DATASET CONTENT Start Marker
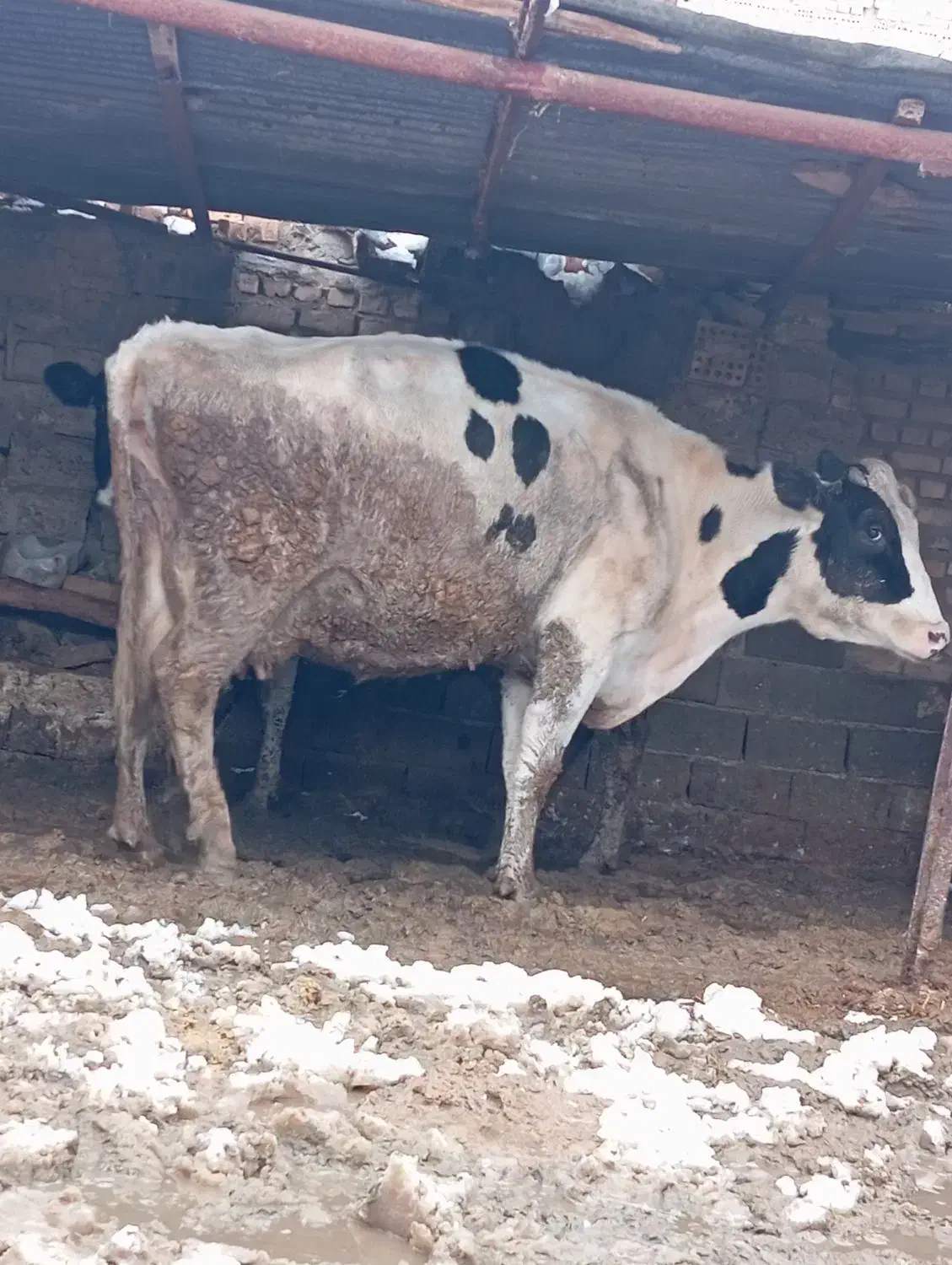 گاو شیری|حیوانات مزرعه|تربت جام, میان جام|دیوار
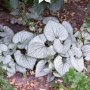 Brunera (Brunera macrophylla) 'Silver Heart'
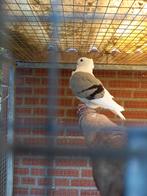 Gratis 3 oud-hollandse meeuwtjes  duivinnen, Dieren en Toebehoren, Vogels | Duiven, Meerdere dieren, Overige soorten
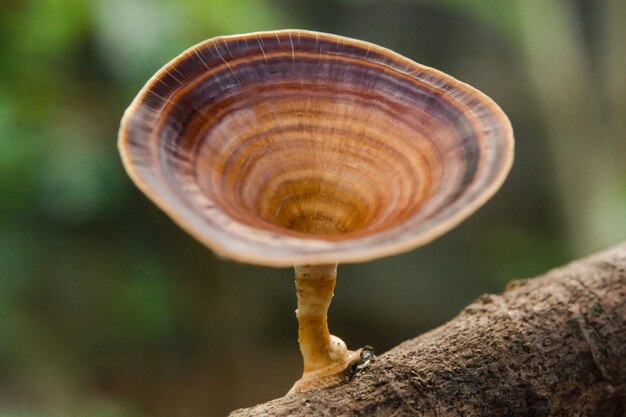 Foto prossimo piano di una lumaca sulla foglia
DATASET CONTENT End Marker
▶ **AIM OF THE EXERCISE**
Leaving the pictures aside, transcribe only the lines from the one containing "Gratis 3 oud-hollandse" to the final line of the listing above, inclusive, exactly as they appear.

▶ **YOUR RESPONSE**
 Gratis 3 oud-hollandse meeuwtjes  duivinnen, Dieren en Toebehoren, Vogels | Duiven, Meerdere dieren, Overige soorten
 Foto prossimo piano di una lumaca sulla foglia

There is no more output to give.